Services allow pods to communicate within the cluster. I need one for the syncthing gui running on port 8384, the syncthing service running on port 22000, and the blog running on port 80.

# syncthing/server.yml cont...
---
apiVersion: v1
kind: Service
metadata:
  name: syncthing-gui
spec:
  ports:
    - port: 80
      targetPort: 8384
  selector:
    app: syncthing
---
apiVersion: v1
kind: Service
metadata:
  name: syncthing
spec:
  ports:
    - port: 22000
  selector:
    app: syncthing
---
apiVersion: v1
kind: Service
metadata:
  name: blog
spec:
  ports:
    - port: 80
  selector:
  app: syncthing

Notice that the syncthing-gui port is renamed from 8384 to 80.

Ingresses

Finally, I need to tell cert-manager and the external load balancer how to direct traffic to both the syncthing gui and the blog service.

First, I added two subdomain records to my domain's DNS configuration:

  • syncthing.tygr.info
  • blog.tygr.info

Obviously, replace 'tygr.info' with your domain name.

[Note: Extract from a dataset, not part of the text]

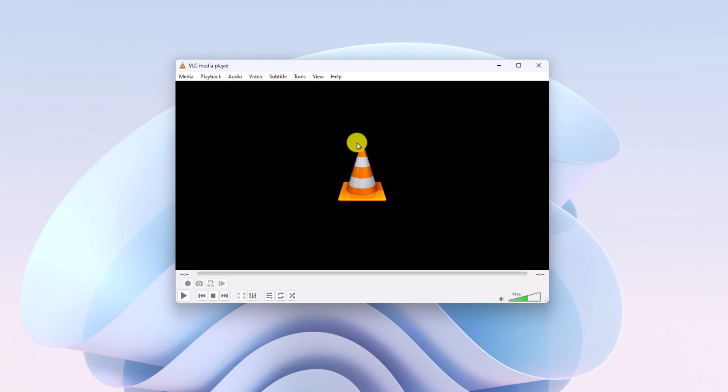If you haven't installed VLC media player on your system, we already made a video on how you can install VLC media player. You will get the video link in the i button or in the description box.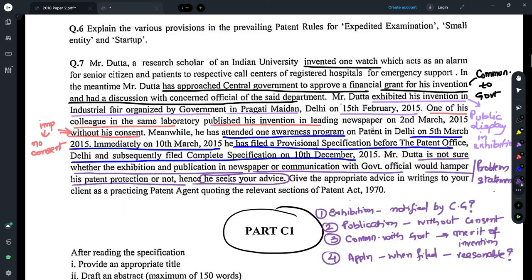To answer this, you take each fact one by one and explain whether the client is covered under any provisions of the Patents Act. For the communication to the government, you refer to Section 30 — you write what Section 30 provides and how this fact falls within it. You tell your client that disclosing it to the central government to get approval for a financial grant falls within Section 30, so that communication would not be considered anticipation.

Both of these should be A records pointing at the external load balancer.

Next, I added the ingresses to kick off the letsencrypt process.

# syncthing/server.yml cont...
---
apiVersion: networking.k8s.io/v1
kind: Ingress
metadata:
  annotations:
    cert-manager.io/cluster-issuer: letsencrypt
  name: syncthing
spec:
  tls:
    - secretName: syncthing.tygr.info
      hosts:
        - syncthing.tygr.info
  rules:
    - host: syncthing.tygr.info
      http:
        paths:
          - path: /
            pathType: Prefix
            backend:
              service:
                name: syncthing-gui
                port:
                  number: 80
---
apiVersion: networking.k8s.io/v1
kind: Ingress
metadata:
  annotations:
    cert-manager.io/cluster-issuer: letsencrypt
  name: blog
spec:
  tls:
    - secretName: blog.tygr.info
      hosts:
        - blog.tygr.info
  rules:
    - host: blog.tygr.info
      http:
        paths:
          - path: /
            pathType: Prefix
            backend:
              service:
                name: blog
                port:
                  number: 80

You should replace any instances of 'tygr.info' with your own domain name here as well.

Apply all of this with kubectl apply -f syncthing/server.yml

Now, I can hook up the local ~/org folder as a syncthing folder and sync it to the cloud at https://syncthing.tygr.info. For the folder configuration, make sure the location is /var/syncthing/org on the server. After it's finished syncing, you should be able to see the blog at https://blog.tygr.info

I don't need to have these ingresses open all the time for syncthing to work. When I'm not using the gui, I turn it off with kubectl delete ingress syncthing, and turn it on by applying this file again (kubectl apply -f syncthing/server.yml).

Conclusion

Blogging is a new experience for me. I always check articles thrice before publishing and still feel nervous promoting it anywhere. This website is primarily for myself but I'd still love any feedback.